Throughout
Lyn Hejinian's latest long poem, The Fatalist, language
becomes the conduit for discovery of a presence--differentiated
yet ever evolving--in a plurality of similar presences
(similar, that is, in that they are different:
"experience / doesn't reveal one's own reality but the
reality of things / alien to one" (Fatalist 33)).
Of little surprise, given that language is the medium (i.e.,
the message), but here are also the elastic filaments of
process & theory. Certainly, Hejinian's
pseudo-pedagogical-cum-philo(soph/log)ical text makes apparent
its intent through pure linguistic permutation, play of
association & definition, & even didactic
revelation.
"A central activity of
poetic language is formal….While failing in the attempt to
match the world, we discover structure, distinction, the
integrity and separateness of things" (Rejection
658).
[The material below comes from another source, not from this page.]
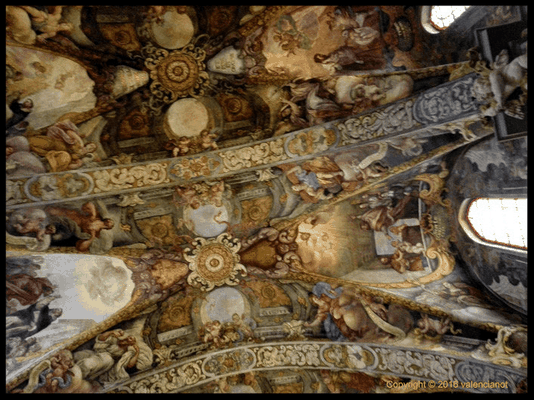 Frescos de La iglesia de San Nicolás (Sant Nicolau) está ubicada y casi escondida entre tortuosas y plazas recoletas en el Casco Antiguo de Valencia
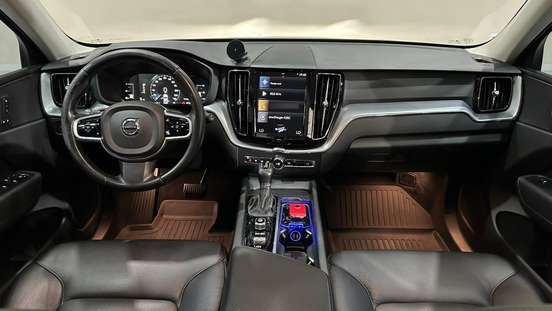 VOLVO-XC60-2018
This formal centrism drives Hejinian to open her text to
the dynamic elements of change on the level of language,
permitting this "structure, distinction" to be
permeated & formed by experience, by action. "That's
what fate is: whatever's happened / --time regained" (Fatalist
83). Hejinian's process locates a subject in space & time,
aiming its "amiable love-arrows" at the thing; then
relies on the associational, on the referential, to render the
poem open from there.
This
central action of lobbing referential arrows at the subject
underhand resembles those aphoristic instruments of
approximation, "horseshoes & hand grenades,"
that affect their use broadly & without dead-on precision.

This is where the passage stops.